## SOURCE DATA
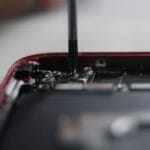 Serwisant naprawiający wnętrze smartfona precyzyjnymi narzędziami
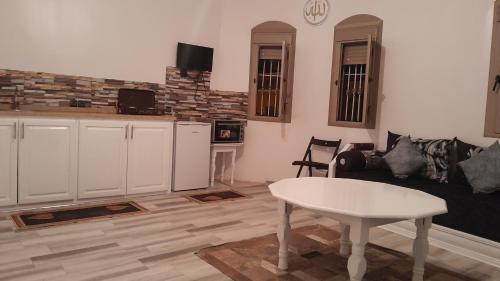 Una cocina o cocineta en Welcome Home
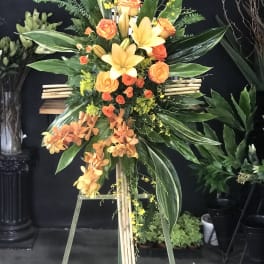 Tall orange and yellow floral standing spray on an easel
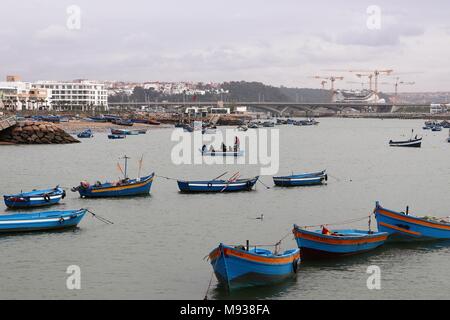 Brightly Coloured Wooden Fishing Boats on the Bou Regreg which separates Rabat and Sale in Morocco, with the Hassan 2 Bridge behind. Stock Photo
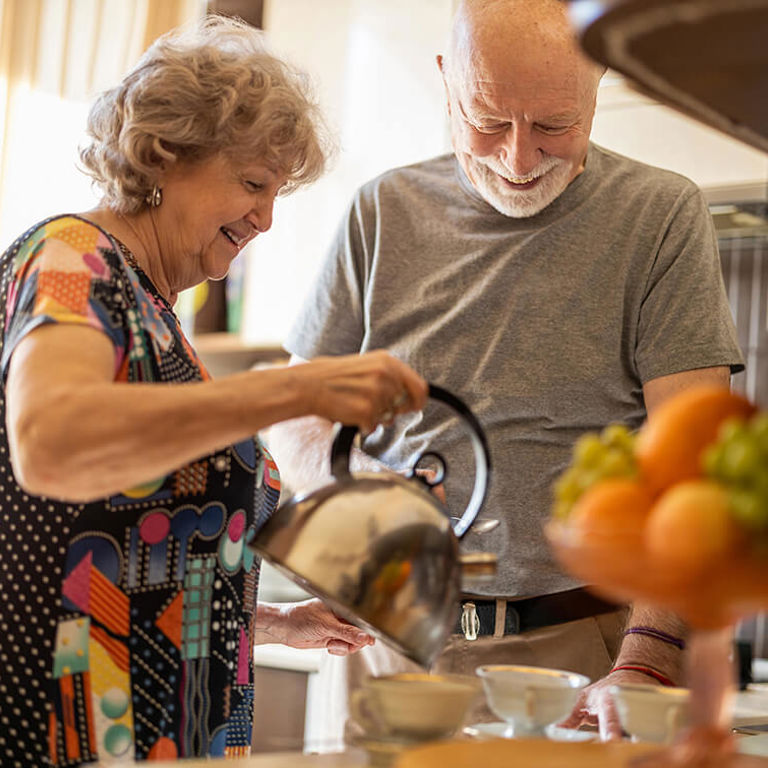 elderly woman pouring water from a kettle in the cup with a elderly man elderly woman pouring water from a kettle in the cup with a elderly man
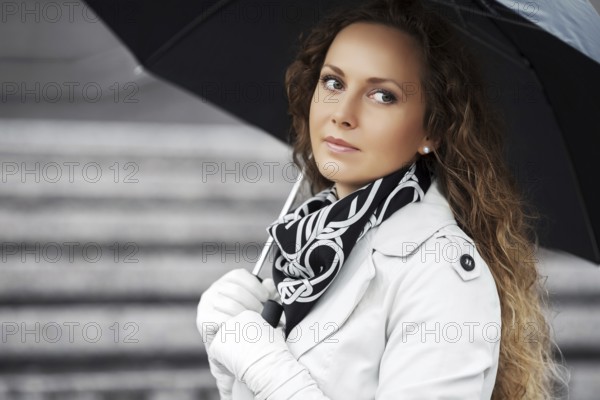 Beautiful woman with umbrella in the rain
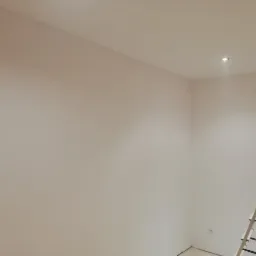 Pomalowane na biało pomieszczenie z aluminiową drabiną opartą o ścianę, widoczny punktowy reflektor w suficie.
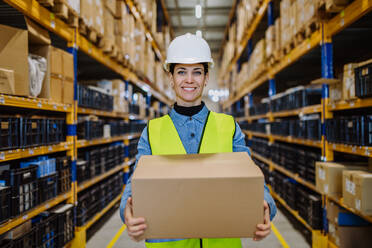 Warehouse female worker checking up stuff in warehouse. - HPIF31183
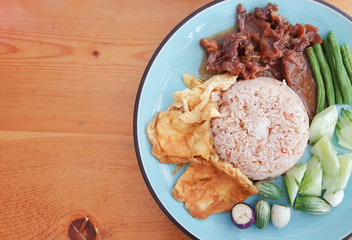 Rice mixed with Shrimp Paste. Thai food on wooden background.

## WORK TASK
Only one thing is wanted here, an exact copy of the lines from the first line above through the line containing "Warehouse female worker", minus any picture.

## OUTPUT FOR THIS TASK
 Serwisant naprawiający wnętrze smartfona precyzyjnymi narzędziami
 Una cocina o cocineta en Welcome Home
 Tall orange and yellow floral standing spray on an easel
 Brightly Coloured Wooden Fishing Boats on the Bou Regreg which separates Rabat and Sale in Morocco, with the Hassan 2 Bridge behind. Stock Photo
 elderly woman pouring water from a kettle in the cup with a elderly man elderly woman pouring water from a kettle in the cup with a elderly man
 Beautiful woman with umbrella in the rain
 Pomalowane na biało pomieszczenie z aluminiową drabiną opartą o ścianę, widoczny punktowy reflektor w suficie.
 Warehouse female worker checking up stuff in warehouse. - HPIF31183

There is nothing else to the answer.